# What do you like to do besides urbexing?



## Capulux (Jun 1, 2017)

Hey there, I searched abit but didn't find this thread here yet. The title is pretty self-explanatory - *what do you like doing besides visiting sketchy, abandoned and derelict places?*

I very recently started exploring myself (only handful of buildings visited in my former town) and got interested in this hobby. I currently live in Germany in a city called Dresden. It is quite a historical city, so there is always something to explore. Luckily, there is a lot of information on the internet about the interesting places to visit - I already got something planned out 

Now to kick off this thread I'll start myself!

*I like bouldering, reading books (fantasy or non-fiction), spending time with my lovely girlfriend and playing my (also lovely) ukulele. *

Besides that, I am also trying to do business, which started off as a hobby, but became something I do full time 

What about you guys?

Looking forward to your answers!


----------



## BarryLynch (Jun 1, 2017)

Football, Driving, Fishing & Tollerating my girlfriend  lol


----------



## Sam Haltin (Jun 1, 2017)

Travelling, Hobby Electronics, DTP, Graphics, Railfan (Europe & US), Listening to Metal music, That's about it.


----------



## Capulux (Jun 1, 2017)

BarryLynch said:


> Football, Driving, Fishing & Tollerating my girlfriend  lol



Hats off to you, sir, for the last hobby  

and driving as in enjoying the everyday driving or going go-karting or something?



Hugh Jorgan said:


> Travelling, Hobby Electronics, DTP, Graphics, Railfan (Europe & US), Listening to Metal music, That's about it.



Hobby electronics, could you elaborate on that? As in repairing them? 
You also lost me at "DTP", but we share the love for the metal music  What kind of metal, if I might ask?


----------



## Sam Haltin (Jun 1, 2017)

Capulux said:


> Hats off to you, sir, for the last hobby
> 
> and driving as in enjoying the everyday driving or going go-karting or something?
> 
> ...



Hobby Electronics = making projects using circuit diagrams and printed circuit board layouts.DTP = DeskTop Publishing. Creating magazines, leaflets, books, etc. Metal music = mostly 1980s, some late 1970s.


----------



## Capulux (Jun 1, 2017)

Hugh Jorgan said:


> Hobby Electronics = making projects using circuit diagrams and printed circuit board layouts.DTP = DeskTop Publishing. Creating magazines, leaflets, books, etc. Metal music = mostly 1980s, some late 1970s.



I see, that sounds really interesting.

A year back I was also a bit into publishing. I used kindle direct publishing as my platform and wrote a couple of books about my interests  nothing spectacular, but not that shabby either I'd say  

As for my metal taste - I am a big metallica fan and I also like to listen to bands like Disturbed, Godsmack, SOAD and so on  Melodic metal with nice riffs is my thing.


----------



## krela (Jun 1, 2017)

A curious thread to start for someone who has never posted here before. I guess it's an introduction of sorts.  

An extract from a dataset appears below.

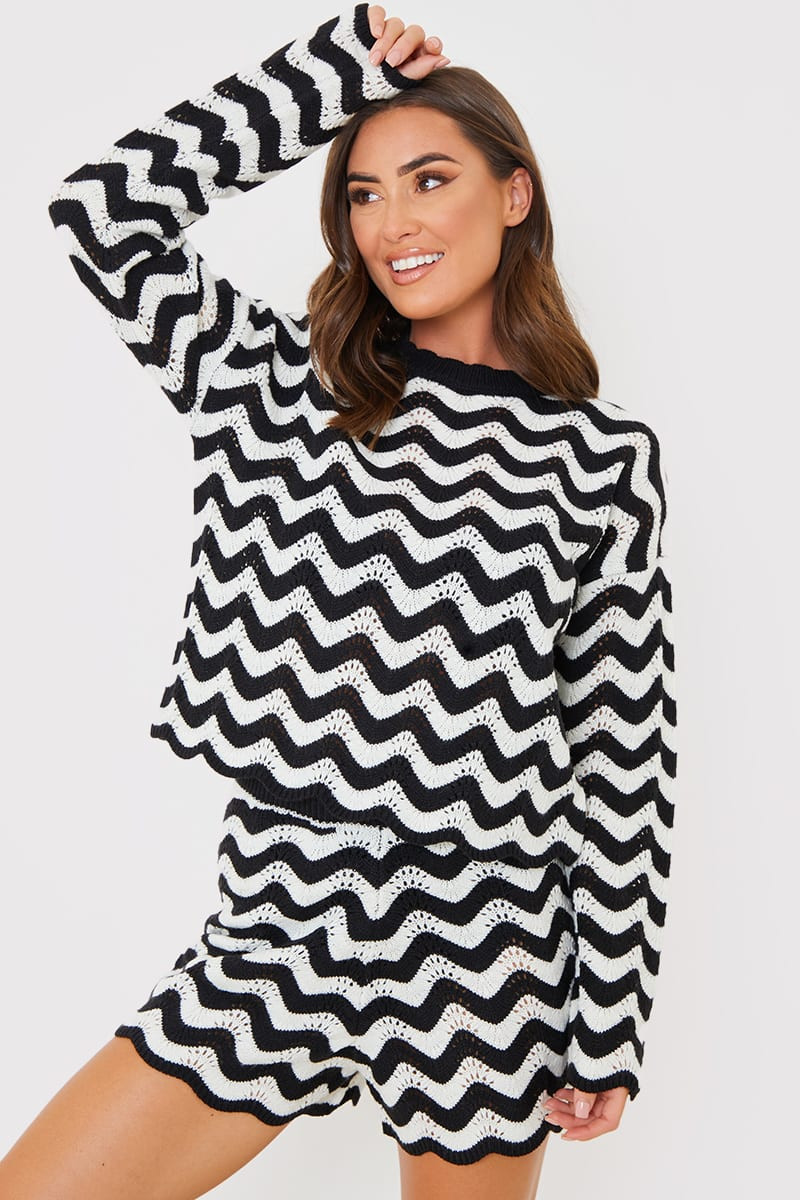 STACEY SOLOMON BLACK AND WHITE RECYCLED CHEVRON FLARE SLEEVE CO ORD JUMPER | In The Style (UK)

In my spare time I spend too much time admin'ing internet forums...


----------



## Capulux (Jun 1, 2017)

krela said:


> A curious thread to start for someone who has never posted here before. I guess it's an introduction of sorts.
> 
> In my spare time I spend too much time admin'ing internet forums...

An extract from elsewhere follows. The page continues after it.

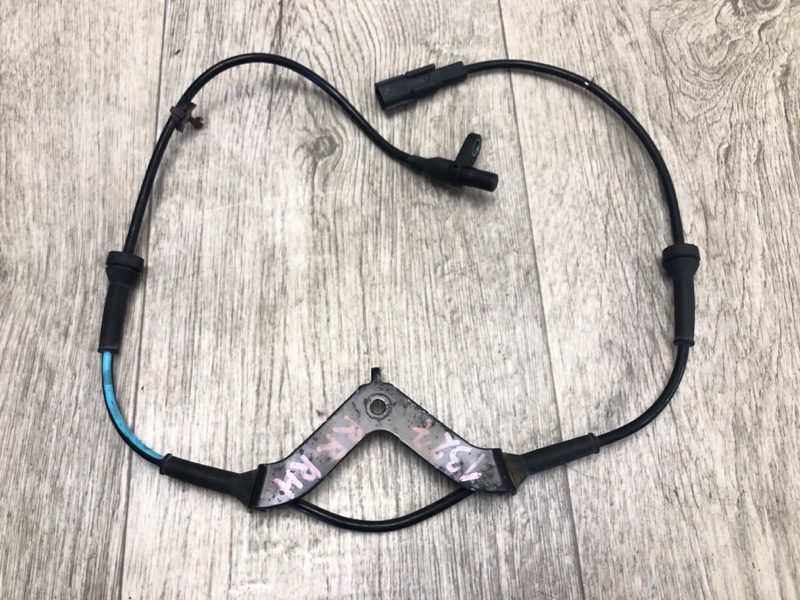 Датчик ABS задний правый QASHQAI/ROGUE SPORT 14- 2020 J11 2.0L MR20DD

Yeah, I admit. Even online I am somehow too shy to introduce myself... So you can say that this is an introduction 

How does admining internet forums usually look like?


----------



## krela (Jun 1, 2017)

Capulux said:


> How does admining internet forums usually look like?

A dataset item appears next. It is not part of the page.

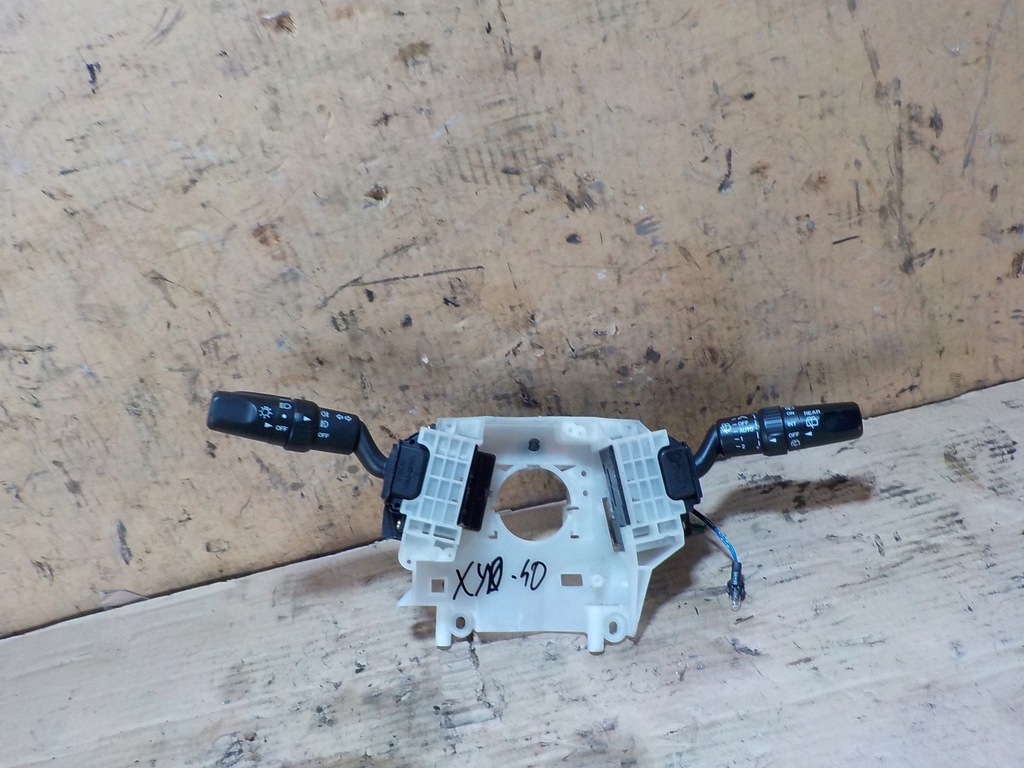 фото №1, Mazda 5 2005 2.0 переключатели 17d682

It's much like being a primary school teacher!  

Welcome by the way.


----------



## BikinGlynn (Jun 1, 2017)

I do er biking surprisingly... also spend a lot of time modifying vehicles, restoring my house & do a bit of geocahching & magnet fishing!
On top of running a structural steel company & spending time with my girlfriend, hence exploring for me is a grab it while u can gap filler!


----------



## rockfordstone (Jun 1, 2017)

i'm a musician for the most part, but i do a lot of other photography that wouldn't fit on this forum


----------



## BarryLynch (Jun 2, 2017)

Capulux said:


> Hats off to you, sir, for the last hobby
> 
> and driving as in enjoying the everyday driving or going go-karting or something



Haha thanks, its not as bad as I make it out to be! Well I like working on cars, driving all the country lanes hoping to find that ultimate find and also as in motorsport and banger racing. I am quite boring really lol


----------



## Capulux (Jun 2, 2017)

BarryLynch said:


> Haha thanks, its not as bad as I make it out to be! Well I like working on cars, driving all the country lanes hoping to find that ultimate find and also as in motorsport and banger racing. I am quite boring really lol



Yeah, I know, but it is still funny to hear it said in such a way  Banger racing? I need to start googling all these strange hobbies 



rockfordstone said:


> i'm a musician for the most part, but i do a lot of other photography that wouldn't fit on this forum



Guitar? I think I might pick it up later on as well. IT always amazes me how much fuller the sound of the guitar is than of the ukulele. I dont notice it until someone next to me starts playing the guitar 

Btw, really nice photos  I went through the links in your signature.





BikinGlynn said:


> I do er biking surprisingly... also spend a lot of time modifying vehicles, restoring my house & do a bit of geocahching & magnet fishing!
> On top of running a structural steel company & spending time with my girlfriend, hence exploring for me is a grab it while u can gap filler!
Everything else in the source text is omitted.